Accessing the Applications

To access any of the modeling applications to create a new model, perform the following steps.

  1. From the Place menu in OrCAD Capture, choose PSpice Component – Modeling Application

  2. Select the submenu corresponding to the device for which the model is to be created.

For example, to create a new Zener model, choose:

Place – PSpice Component – Modeling Application – Zener

Note: To create a PWL (Piecewise Linear) source model, choose Place – PSpice Component – Source – PWL Sources

Important: The Transformer, Zener, Inductor, and Capacitor applications are accessed from OrCAD Capture Market Place and will open the Market Place page in Capture, in case these are not already installed on your system. You can download the application from this page.
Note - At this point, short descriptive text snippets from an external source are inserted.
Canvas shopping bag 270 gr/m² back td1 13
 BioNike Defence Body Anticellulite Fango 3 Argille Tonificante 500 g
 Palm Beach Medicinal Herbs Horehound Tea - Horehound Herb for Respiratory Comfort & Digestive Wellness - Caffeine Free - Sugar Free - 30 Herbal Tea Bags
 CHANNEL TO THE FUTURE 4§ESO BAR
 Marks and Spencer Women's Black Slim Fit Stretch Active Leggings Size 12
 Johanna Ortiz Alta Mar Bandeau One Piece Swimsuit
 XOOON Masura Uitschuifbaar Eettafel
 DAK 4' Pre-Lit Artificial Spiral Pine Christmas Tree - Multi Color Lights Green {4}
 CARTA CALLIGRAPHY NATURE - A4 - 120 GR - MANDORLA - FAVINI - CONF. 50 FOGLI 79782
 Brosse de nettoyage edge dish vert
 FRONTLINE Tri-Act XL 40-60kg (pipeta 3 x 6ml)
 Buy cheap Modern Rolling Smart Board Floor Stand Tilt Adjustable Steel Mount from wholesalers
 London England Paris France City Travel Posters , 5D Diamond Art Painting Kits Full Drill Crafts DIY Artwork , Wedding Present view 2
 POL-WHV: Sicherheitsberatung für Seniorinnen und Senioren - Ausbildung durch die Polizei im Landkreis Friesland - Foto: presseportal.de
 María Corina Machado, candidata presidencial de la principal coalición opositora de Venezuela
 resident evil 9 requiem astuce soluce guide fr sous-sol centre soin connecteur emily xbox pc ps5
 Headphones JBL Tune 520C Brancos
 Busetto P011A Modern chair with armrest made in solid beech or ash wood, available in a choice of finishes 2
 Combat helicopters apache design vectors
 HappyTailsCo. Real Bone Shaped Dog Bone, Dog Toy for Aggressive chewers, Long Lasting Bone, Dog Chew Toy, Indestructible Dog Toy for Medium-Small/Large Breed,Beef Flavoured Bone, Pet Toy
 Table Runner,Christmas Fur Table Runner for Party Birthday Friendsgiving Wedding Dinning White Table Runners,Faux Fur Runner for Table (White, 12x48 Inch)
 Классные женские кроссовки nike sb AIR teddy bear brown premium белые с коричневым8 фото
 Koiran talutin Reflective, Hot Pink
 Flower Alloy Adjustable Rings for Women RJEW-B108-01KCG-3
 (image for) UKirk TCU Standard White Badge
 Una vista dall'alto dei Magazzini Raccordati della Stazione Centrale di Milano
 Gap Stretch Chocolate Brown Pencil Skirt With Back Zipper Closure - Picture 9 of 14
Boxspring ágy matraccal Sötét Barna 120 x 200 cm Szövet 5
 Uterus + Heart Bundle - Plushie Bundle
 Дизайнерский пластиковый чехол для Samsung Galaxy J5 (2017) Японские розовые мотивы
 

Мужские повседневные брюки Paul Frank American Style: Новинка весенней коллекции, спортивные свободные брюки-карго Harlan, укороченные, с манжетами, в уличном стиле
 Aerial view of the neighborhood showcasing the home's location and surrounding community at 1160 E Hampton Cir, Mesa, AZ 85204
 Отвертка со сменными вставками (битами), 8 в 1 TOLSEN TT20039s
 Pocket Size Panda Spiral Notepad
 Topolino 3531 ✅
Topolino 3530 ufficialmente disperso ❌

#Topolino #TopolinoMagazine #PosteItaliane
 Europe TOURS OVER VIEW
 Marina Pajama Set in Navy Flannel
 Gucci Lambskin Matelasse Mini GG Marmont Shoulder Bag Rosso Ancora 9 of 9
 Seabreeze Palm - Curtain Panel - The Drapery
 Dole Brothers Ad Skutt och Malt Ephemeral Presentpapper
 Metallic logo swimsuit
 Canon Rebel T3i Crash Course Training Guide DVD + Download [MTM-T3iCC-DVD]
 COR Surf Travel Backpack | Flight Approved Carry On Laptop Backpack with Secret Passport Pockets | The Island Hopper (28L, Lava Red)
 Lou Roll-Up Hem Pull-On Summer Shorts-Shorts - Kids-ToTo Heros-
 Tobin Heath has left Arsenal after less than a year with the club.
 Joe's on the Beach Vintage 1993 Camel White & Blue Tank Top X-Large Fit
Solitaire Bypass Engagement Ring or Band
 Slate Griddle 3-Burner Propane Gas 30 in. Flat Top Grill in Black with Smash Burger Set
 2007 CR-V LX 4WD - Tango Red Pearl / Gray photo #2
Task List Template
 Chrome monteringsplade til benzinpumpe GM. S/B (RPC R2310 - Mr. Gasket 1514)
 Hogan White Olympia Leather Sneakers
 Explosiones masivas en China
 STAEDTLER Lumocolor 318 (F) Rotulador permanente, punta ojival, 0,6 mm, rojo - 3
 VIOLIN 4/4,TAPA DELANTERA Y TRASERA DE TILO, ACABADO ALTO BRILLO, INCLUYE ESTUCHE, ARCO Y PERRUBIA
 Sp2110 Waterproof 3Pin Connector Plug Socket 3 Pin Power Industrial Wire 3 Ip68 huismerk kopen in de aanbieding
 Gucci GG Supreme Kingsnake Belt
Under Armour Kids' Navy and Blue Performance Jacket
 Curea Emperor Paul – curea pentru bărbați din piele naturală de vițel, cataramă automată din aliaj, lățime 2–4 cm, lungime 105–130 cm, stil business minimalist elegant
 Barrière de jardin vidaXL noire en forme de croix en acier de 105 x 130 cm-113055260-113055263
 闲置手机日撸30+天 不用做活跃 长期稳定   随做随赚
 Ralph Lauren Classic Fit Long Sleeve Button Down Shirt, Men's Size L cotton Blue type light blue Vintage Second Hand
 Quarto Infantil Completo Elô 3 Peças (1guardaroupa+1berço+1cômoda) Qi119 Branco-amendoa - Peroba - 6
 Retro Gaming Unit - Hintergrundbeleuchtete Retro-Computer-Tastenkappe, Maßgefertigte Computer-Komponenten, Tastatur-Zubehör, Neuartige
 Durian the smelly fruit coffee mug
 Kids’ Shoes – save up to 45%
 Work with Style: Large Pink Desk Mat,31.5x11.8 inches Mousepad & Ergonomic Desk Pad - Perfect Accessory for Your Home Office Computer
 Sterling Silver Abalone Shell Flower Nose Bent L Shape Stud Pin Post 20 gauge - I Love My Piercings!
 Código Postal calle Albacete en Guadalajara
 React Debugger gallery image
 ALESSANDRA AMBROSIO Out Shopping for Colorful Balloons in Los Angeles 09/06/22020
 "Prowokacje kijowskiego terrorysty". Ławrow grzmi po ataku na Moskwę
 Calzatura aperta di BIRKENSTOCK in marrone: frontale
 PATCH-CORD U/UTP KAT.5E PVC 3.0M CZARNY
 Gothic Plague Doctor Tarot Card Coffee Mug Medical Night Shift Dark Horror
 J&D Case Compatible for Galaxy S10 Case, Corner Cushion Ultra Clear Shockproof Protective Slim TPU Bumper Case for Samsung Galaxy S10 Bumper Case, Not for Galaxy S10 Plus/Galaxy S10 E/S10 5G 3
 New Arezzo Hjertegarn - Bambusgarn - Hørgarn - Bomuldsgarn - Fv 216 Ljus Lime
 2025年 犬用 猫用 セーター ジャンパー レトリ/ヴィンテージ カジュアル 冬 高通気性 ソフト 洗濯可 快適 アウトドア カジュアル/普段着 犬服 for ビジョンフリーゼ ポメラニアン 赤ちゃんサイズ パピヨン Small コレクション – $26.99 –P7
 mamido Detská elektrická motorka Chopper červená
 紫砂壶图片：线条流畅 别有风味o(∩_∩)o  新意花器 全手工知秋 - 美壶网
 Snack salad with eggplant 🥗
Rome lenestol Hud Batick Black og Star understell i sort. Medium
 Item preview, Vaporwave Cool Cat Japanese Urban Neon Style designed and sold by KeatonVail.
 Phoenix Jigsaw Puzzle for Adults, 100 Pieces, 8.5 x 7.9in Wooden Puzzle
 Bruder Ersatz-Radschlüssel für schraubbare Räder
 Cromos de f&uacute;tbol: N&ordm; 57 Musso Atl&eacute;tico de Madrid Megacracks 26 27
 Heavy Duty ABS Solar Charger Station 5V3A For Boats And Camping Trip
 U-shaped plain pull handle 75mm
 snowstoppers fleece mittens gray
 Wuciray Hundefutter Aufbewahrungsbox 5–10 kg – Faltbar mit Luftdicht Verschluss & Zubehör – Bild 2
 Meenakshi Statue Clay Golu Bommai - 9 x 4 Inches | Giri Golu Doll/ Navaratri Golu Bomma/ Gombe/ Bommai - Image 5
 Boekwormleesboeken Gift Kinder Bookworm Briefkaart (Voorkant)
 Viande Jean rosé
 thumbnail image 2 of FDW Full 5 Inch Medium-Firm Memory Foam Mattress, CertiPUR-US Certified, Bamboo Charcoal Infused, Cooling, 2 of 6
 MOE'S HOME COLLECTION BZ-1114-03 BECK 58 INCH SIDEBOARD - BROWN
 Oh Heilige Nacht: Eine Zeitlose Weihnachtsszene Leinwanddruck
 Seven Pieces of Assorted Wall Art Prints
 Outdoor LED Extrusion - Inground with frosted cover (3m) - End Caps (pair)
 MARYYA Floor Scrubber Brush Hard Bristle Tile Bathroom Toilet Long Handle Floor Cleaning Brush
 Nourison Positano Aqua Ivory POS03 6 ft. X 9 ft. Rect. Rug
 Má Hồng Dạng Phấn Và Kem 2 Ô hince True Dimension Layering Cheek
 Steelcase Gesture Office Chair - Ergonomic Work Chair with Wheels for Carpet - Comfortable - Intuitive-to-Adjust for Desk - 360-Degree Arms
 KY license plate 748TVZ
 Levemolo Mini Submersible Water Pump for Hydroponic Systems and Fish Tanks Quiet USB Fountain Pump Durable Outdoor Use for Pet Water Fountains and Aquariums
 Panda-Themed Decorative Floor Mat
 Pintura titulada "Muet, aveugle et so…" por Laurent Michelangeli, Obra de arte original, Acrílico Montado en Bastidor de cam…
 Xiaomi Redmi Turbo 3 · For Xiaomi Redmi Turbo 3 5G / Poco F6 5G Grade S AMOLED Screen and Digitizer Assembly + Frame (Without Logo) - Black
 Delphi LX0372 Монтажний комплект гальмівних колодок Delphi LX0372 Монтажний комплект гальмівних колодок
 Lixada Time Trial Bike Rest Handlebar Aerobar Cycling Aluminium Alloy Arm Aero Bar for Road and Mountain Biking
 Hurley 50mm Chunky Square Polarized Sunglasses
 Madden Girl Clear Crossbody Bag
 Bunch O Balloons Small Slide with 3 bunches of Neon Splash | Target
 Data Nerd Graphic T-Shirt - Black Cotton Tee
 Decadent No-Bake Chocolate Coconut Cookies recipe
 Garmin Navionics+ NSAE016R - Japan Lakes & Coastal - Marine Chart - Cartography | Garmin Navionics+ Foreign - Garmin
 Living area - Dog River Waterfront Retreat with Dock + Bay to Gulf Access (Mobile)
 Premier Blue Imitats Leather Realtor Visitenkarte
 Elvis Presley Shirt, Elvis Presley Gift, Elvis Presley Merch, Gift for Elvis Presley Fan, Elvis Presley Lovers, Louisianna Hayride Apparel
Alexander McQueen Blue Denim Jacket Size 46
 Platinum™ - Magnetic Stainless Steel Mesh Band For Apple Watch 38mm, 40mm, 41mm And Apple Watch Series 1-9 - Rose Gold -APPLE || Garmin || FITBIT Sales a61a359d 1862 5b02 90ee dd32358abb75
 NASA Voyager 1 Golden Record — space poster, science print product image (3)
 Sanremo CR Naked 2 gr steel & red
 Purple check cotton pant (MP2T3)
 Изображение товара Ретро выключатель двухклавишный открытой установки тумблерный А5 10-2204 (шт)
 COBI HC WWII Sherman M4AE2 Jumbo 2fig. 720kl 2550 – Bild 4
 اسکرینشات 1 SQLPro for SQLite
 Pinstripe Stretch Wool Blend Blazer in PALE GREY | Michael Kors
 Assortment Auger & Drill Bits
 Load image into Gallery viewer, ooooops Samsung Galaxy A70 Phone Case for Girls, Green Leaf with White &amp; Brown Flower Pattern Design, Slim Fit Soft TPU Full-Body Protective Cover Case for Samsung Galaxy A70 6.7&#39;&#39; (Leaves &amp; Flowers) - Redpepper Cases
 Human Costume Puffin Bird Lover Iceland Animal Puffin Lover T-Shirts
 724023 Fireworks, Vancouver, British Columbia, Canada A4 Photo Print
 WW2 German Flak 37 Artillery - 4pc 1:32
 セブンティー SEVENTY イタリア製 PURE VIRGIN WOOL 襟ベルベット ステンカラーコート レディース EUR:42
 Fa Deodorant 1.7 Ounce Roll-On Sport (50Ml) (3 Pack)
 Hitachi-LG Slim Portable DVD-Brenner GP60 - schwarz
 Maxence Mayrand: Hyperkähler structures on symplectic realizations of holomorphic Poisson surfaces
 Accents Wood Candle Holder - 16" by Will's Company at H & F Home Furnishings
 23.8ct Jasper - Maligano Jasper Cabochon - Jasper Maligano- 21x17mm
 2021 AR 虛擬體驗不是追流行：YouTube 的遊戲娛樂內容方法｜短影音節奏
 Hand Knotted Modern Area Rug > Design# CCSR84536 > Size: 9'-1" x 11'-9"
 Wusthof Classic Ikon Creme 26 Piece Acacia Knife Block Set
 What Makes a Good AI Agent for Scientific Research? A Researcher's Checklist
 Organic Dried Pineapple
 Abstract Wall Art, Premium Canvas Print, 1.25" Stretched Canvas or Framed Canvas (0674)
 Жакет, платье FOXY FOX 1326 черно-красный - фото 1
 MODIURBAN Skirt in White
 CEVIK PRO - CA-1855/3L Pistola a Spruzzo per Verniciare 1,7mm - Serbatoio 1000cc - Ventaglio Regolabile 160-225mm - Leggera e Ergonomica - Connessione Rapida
The rest of the applications are installed with the latest HotFix.

To access modeling application to edit an existing model, perform the following steps.

  1. In OrCAD Capture, open the schematic page with the device instance to be modified.

  2. Select the device.

  3. Right-click the device instance.

  4. From the pop-up menu, choose More Edit PSpice Component.

imageApplications discussedin this document are accessible only for Analog or Mixed A/D project types in schematic page context.